Eastside Road, —
THERE HAS BEEN SOME consternation expressed recently about the number of times we eat leftovers. It's a graceless word, and not really appropriate, because most of our "leftovers" are in fact deferred meals: L. tends to make double or sometimes triple amounts when cooking. Another thing: we tend to eat small portions.And today was a busy day, busy at other things than cooking I mean; so it was handy there was some jambalaya left, and a little chile: that made a nice midday dinner. And then for a quick supper before going out tonight, a tuna sandwich and the obligatory green salad; and ça suffit; except that even now she's busy at some ice cream kind of dessert for a nightcap.
Cheap Pinot grigio
[later…] And what a dessert! a very complex ice-cream sundae, complex with a richness that can only be either carefully planned and shopped for — or the inspired use of, you guessed it, leftovers.
Some little while ago I'd made a cake, in the course of which I made more chocolate ganache than I needed. The leftover went into a small container, then into the icebox. Then the other day L. made bananas Foster for a special dessert. That involved cooking bananas in rum, butter, and sugar; and of course after the bananas were served and sauced there was some of that left over as well. Tonight L. put those two items together, warmed them, poured them over vanilla ice cream, sprinkled on chopped nuts, and topped the dish with whipped cream (for there was whipping cream left over from a dinner last week, and it won't last forever). An absolutely fabulous dessert.
1 comment:
My wife and I used to have a running discussion--not an argument--about the difference between the ability to cook accurately from a recipe, and the ability to "make do" with whatever might be sitting in the pantry and in the icebox on any given day.

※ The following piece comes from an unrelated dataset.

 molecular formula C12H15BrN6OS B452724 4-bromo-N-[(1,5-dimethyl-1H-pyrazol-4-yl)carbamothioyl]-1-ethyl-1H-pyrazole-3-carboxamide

Improvising really is at the heart of great cuisine. Before the advent of comprehensive markets after WWII, constructing menus took a lot more concentration and imagination, I suspect. Especially for those (women) who weren't raised to cook like a professional by their mothers, grandmothers and aunts.
My mom was not a great improviser. All our meals were planned in advance, but the usual roster didn't deviate much, and when she did "experiment" things could quickly get out of hand. Is there an intuition involved in bringing unlikely ingredients into some kind of coordination? Probably.

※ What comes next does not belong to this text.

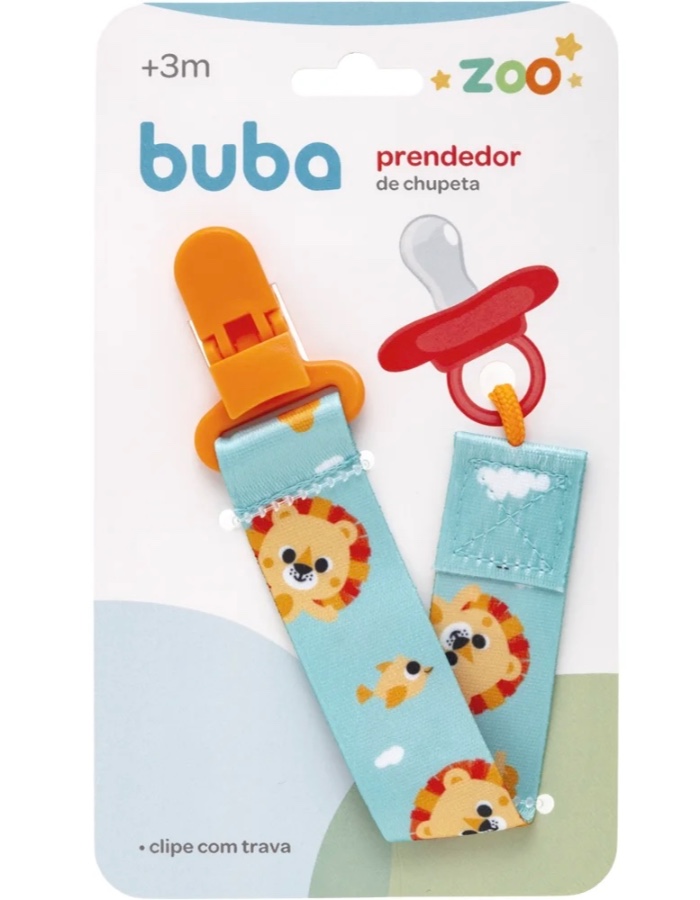 PRENDEDOR DE CHUPETA LEÃO ZOO BUBA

In the eighties, M. began to make what we called "gorps"--improvised stews built out of sauces and carbs and starches with whatever meat might be at hand. I've encouraged her to record these dishes into a recipe book, but she refuses. The Gorp Cook Book.
Well, it's probably already been done somewhere, maybe in Georgia or North Carolina.
Nothing wrong with leftovers, as long as one doesn't simply re-heat the residue of abandoned previous meals.